The SEC’s order against Fulton Financial Corporation, a Pennsylvania-based financial services company, finds that the company inaccurately presented its financial performance in late 2016 and early 2017.  During two quarters in which Fulton was on track to meet or beat analyst consensus EPS estimates, the order finds Fulton’s public filings included a valuation allowance for its mortgage servicing rights that was at odds with the valuation methodology described in the same filings.  The order finds that in mid-2017, Fulton belatedly reversed the valuation allowance, increasing its EPS by a penny in a quarter when it otherwise would have fallen short of consensus estimates.  Fulton’s disclosures created the misleading appearance of consistent earnings across multiple reporting periods as outlined in the order. 

“Public company financial reporting should not present a misleading picture of performance,” said Stephanie Avakian, Director of the SEC’s Division of Enforcement.  “As demonstrated by today’s actions, we will continue to leverage our internal data analysis tools to identify violations, including evidence of earnings management and other accounting or disclosure improprieties.” 

“While difficult to detect, improper quarterly adjustments can have a material impact on reported EPS and how investors view a company’s reported financial results,” said Anita B. Bandy, an Associate Director in the Division of Enforcement.  “Public companies must have accounting and disclosure controls sufficient to provide reasonable assurance that quarter-end adjustments comply with GAAP and do not hide weaker than expected performance.”

The SEC’s order concerning Interface finds that the company and Bauer violated certain antifraud provisions of the Securities Act of 1933. Bauer and Lynch violated the books and records provisions of the Securities Exchange Act of 1934.  The order also finds that Interface violated the reporting, books and records, and internal controls provisions of the Exchange Act and that Bauer and Lynch caused those violations.  Without admitting or denying the SEC’s findings, Interface, Lynch, and Bauer have agreed to cease and desist from future violations of the charged provisions and pay civil penalties of $5 million, $70,000, and $45,000, respectively.  Bauer and Lynch have also agreed to be suspended from appearing and practicing before the Commission as accountants, including not participating in the financial reporting or audits of public companies.  The SEC’s order permits Bauer to apply for reinstatement after three years and Lynch to apply for reinstatement after one year.

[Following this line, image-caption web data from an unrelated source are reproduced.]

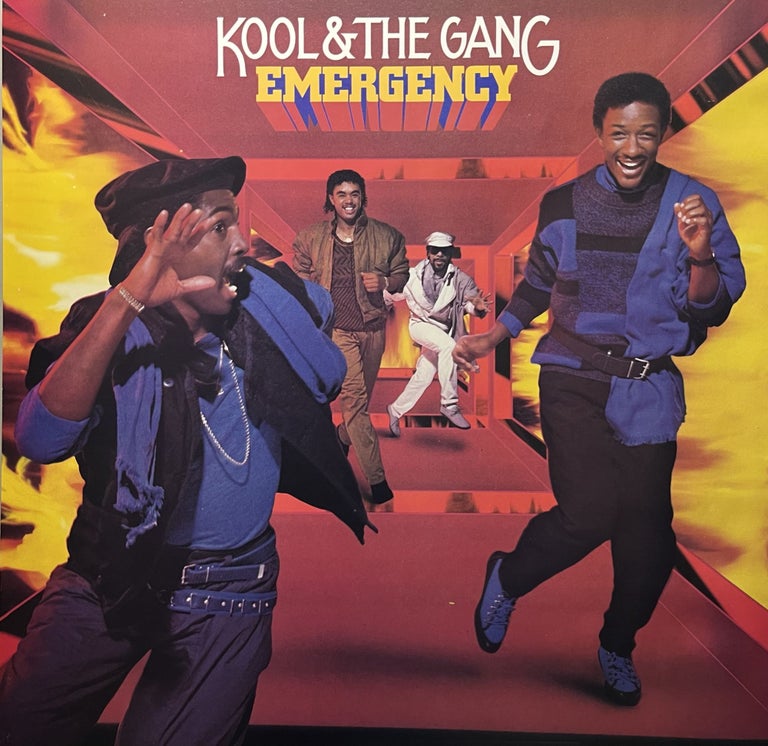Item #800032 A Record Store Window Advertisement for Kool and the Gang's 1984 Album "Emergency" De-Lite Records.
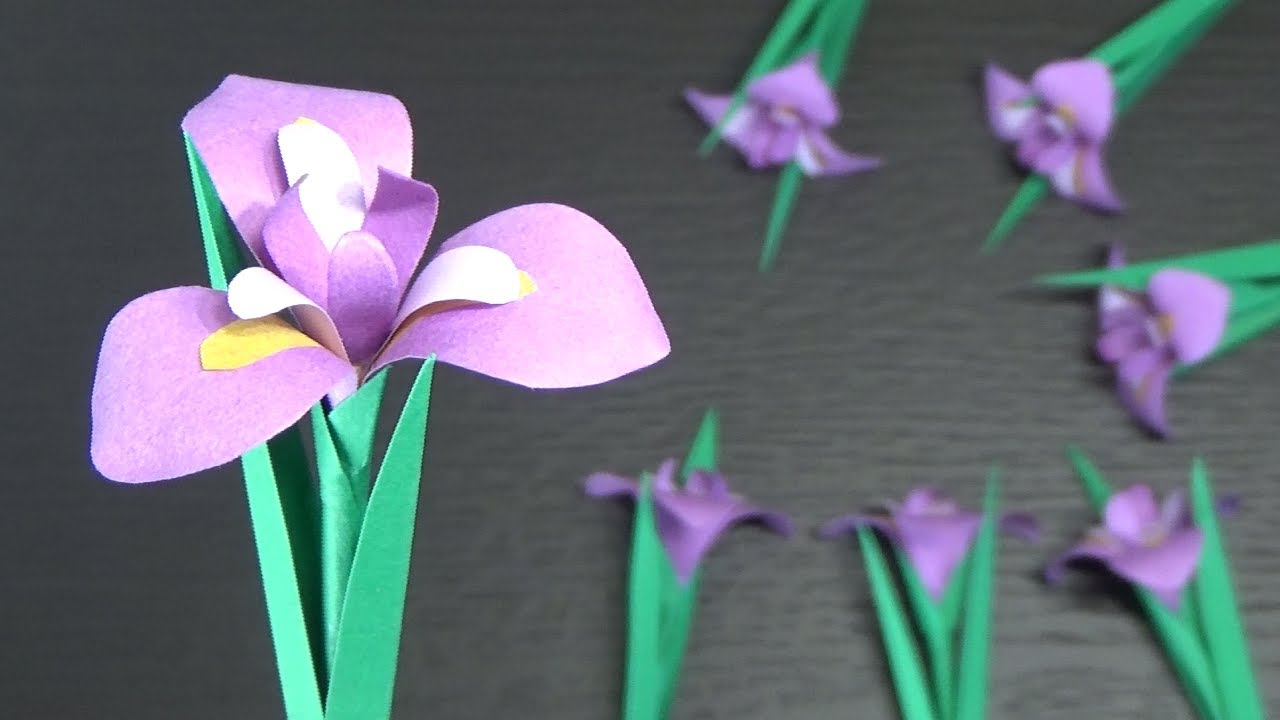 （ペーパーフラワー）子供の日の飾り　ミニサイズ！　菖蒲の花の作り方【DIY】(Paper flower)Mini size!　iris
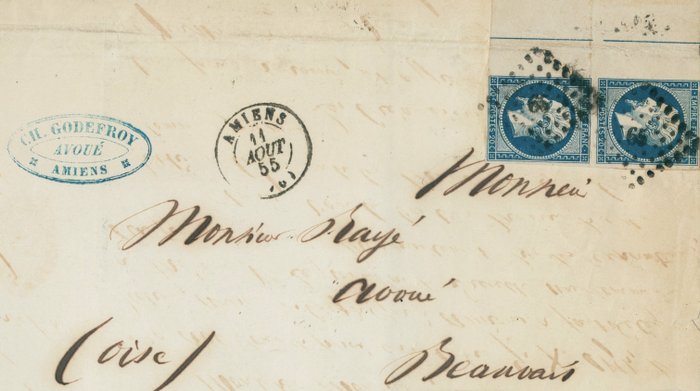 Frankrig 1855 - Meget sjælden, Empire 20 centimes uperforeret par indramningsfileter på begge frimærker - Yvert et Tellier n°14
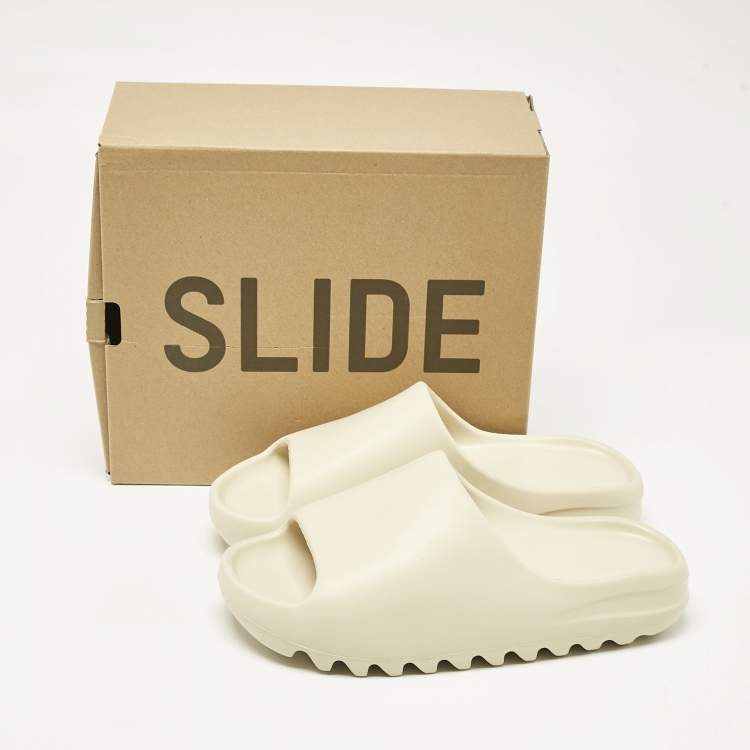 Pre Owned Yeezy x Adidas Beige Rubber Bone Slides Size 42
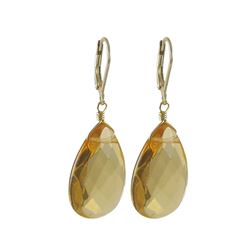 Citrine Semi Precious Stone On Gold Tone Sterling Silver Lever Back Earrings -1.87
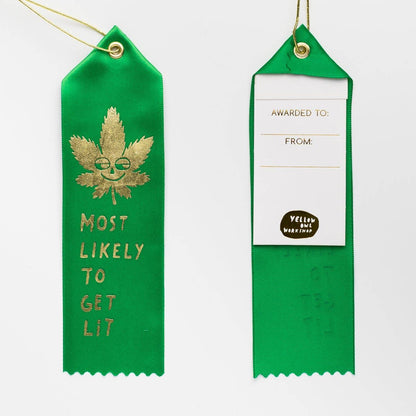Most Lit Award Ribbon - Luxe Satin with Metallic Cord and Gold Foil Designs - 8x2 inches - Perfect for 420 Celebrations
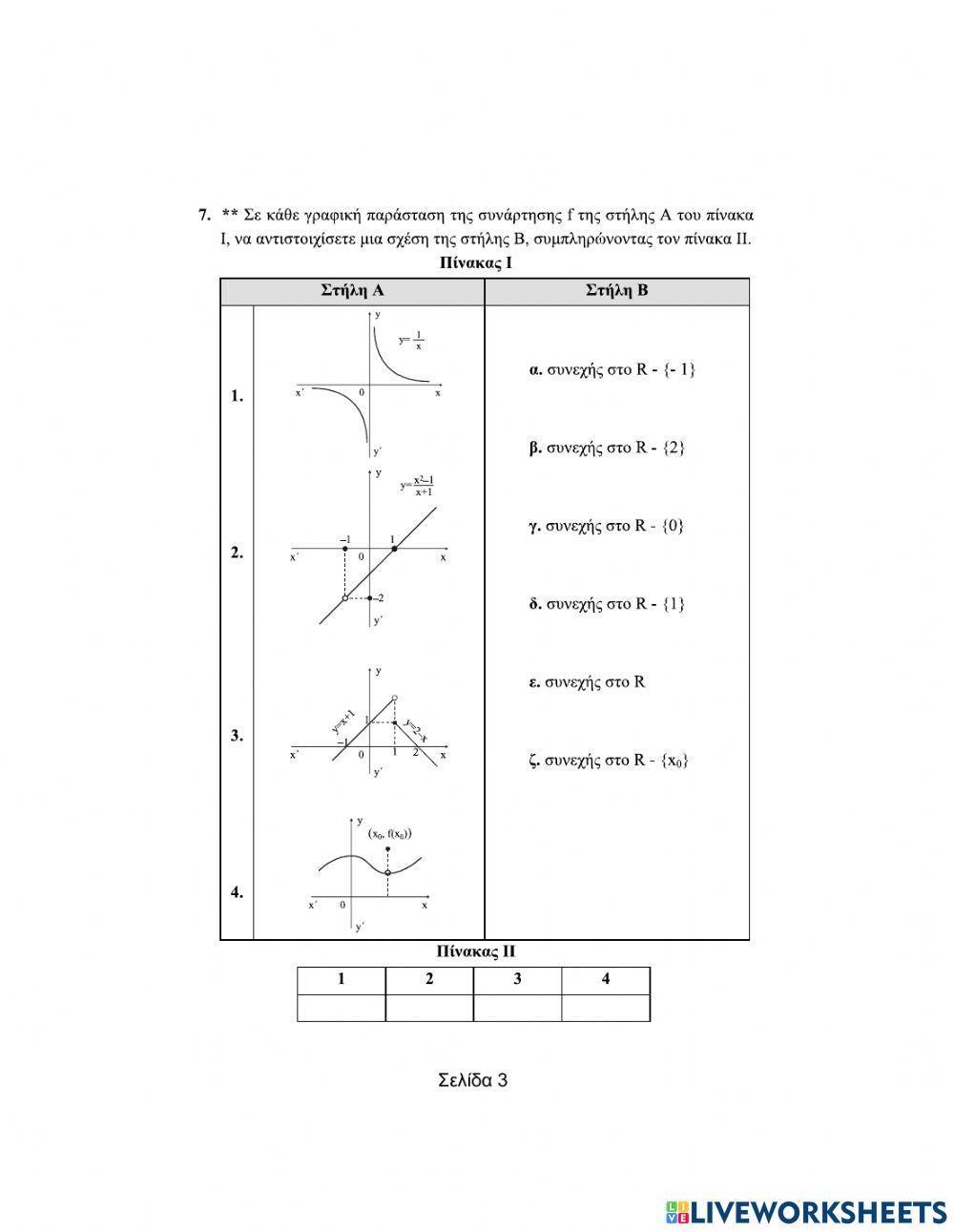 Ερωτήσεις αντιστοίχισης-Όριο-Συνέχεια (Μέρος Β).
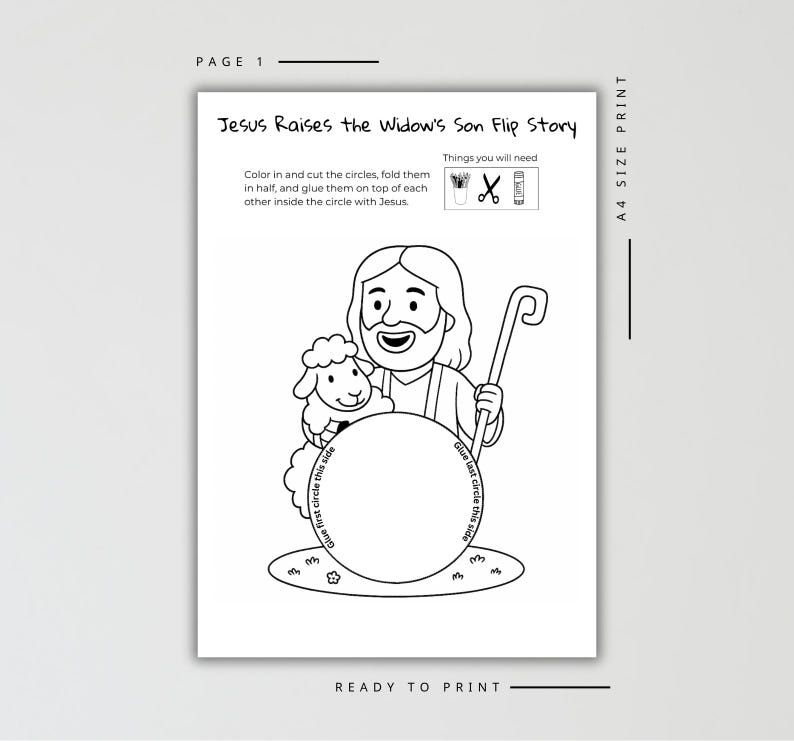 Puede incluir: Hoja de actividades imprimible en blanco y negro titulada "Jes&uacute;s resucita al hijo de la viuda Flip Story". La ilustraci&oacute;n presenta a Jes&uacute;s con una oveja y un bast&oacute;n, con instrucciones para colorear, cortar y pegar c&iacute;rculos. Incluye una lista de suministros necesarios.
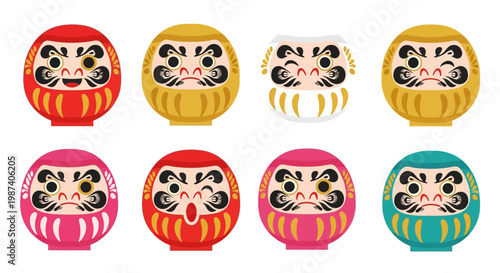 A collection of colorful Daruma dolls.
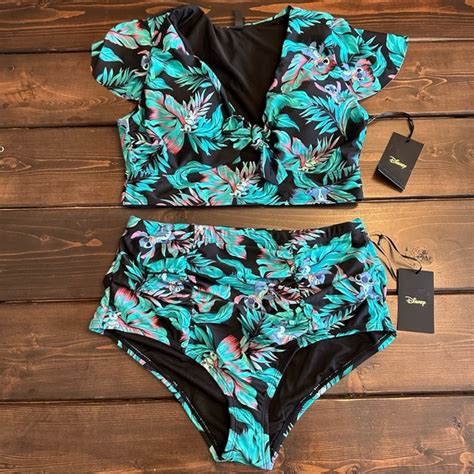 Torrid Swim Torrid Disney Lilo Stitch Tropical Flutter Sleeve Bikini Top And Ruched Bottom
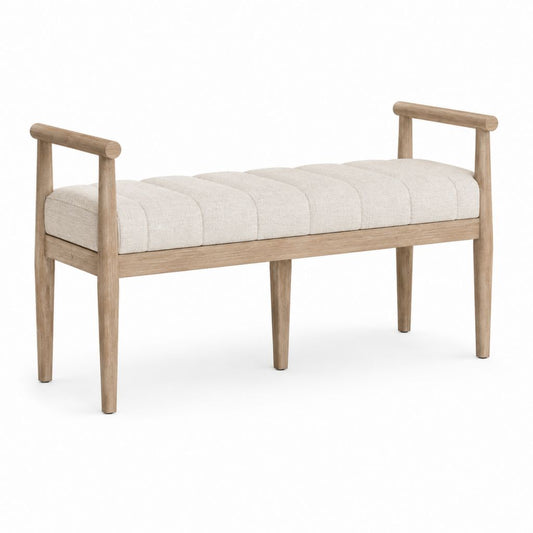 Banc de chambre beige en bois massif et polyester avec accoudoirs 120 x 40 x 65 cm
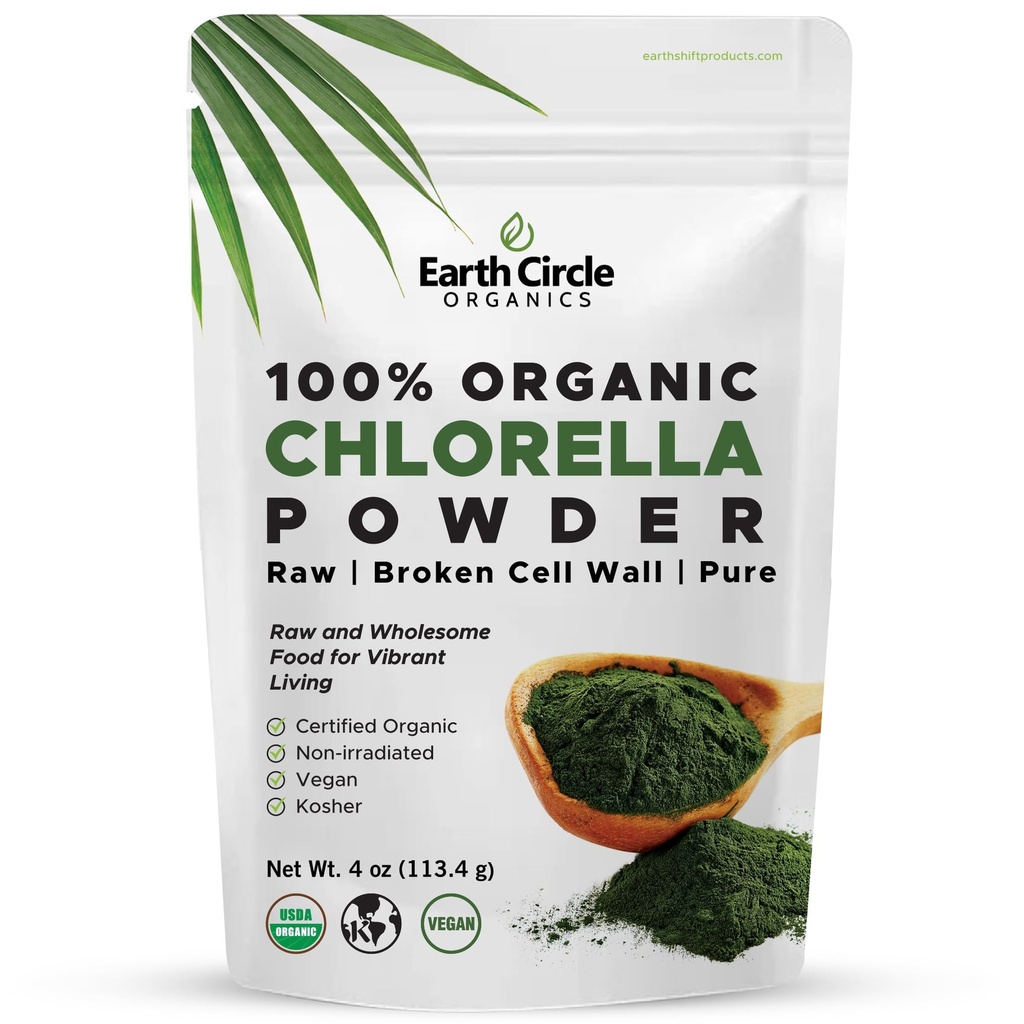 Maakera Orgaanilised Klorella Pulber Superfood | Kosher | Broken Cell Wall Chlorophyll, Vegan, Super Green Vegae, Clean Chlorella, kõrge valgu, kiudaine ja aminohapete - 4oz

The SEC’s order against Fulton finds that the company violated the reporting, books and records, and internal controls provisions of the federal securities laws.  Without admitting or denying the SEC’s findings, Fulton agreed to cease and desist from future violations of the charged provisions and pay a $1.5 million penalty.

Earlier

By sifting through exchange trading data, it was revealed in September 2020 that from at least 2008 through 2016, JPMorgan Chase (JPMC) though numerous traders on its precious metals and Treasuries trading desks, including the heads of both desks, placed hundreds of thousands of orders to buy or sell certain gold, silver, platinum, palladium, Treasury note, and Treasury bond futures contracts with the intent to cancel those orders before execution. Through these spoof orders, the traders intentionally sent false signals of supply or demand designed to deceive market participants into executing against other orders they wanted to be filled. In many instances, JPMC traders acted with the intent to manipulate market prices and ultimately did cause artificial prices.

The order also finds that JPMC, a registered futures commission merchant, failed to identify, investigate, and stop the misconduct. The order states that despite numerous red flags, including internal surveillance alerts, inquiries from Chicago Mercantile Exchange (CME) and the Commodity Futures Trading Commission (CFTC), and internal allegations of misconduct from a JPMC trader, JPMC failed to provide sufficient employee supervision to enable JPMC to identify, adequately investigate, and put a stop to the misconduct. 

To resolve the matter, JPMC entered into a  deferred prosecution agreement  (DPA) on two counts of wire fraud in exchange for a $920 million payment in criminal penalty, disgorgement, and victim compensation.  The criminal monetary penalty payment will be credited against payments made to the CFTC and the disgorgement credited against payments made to the SEC. 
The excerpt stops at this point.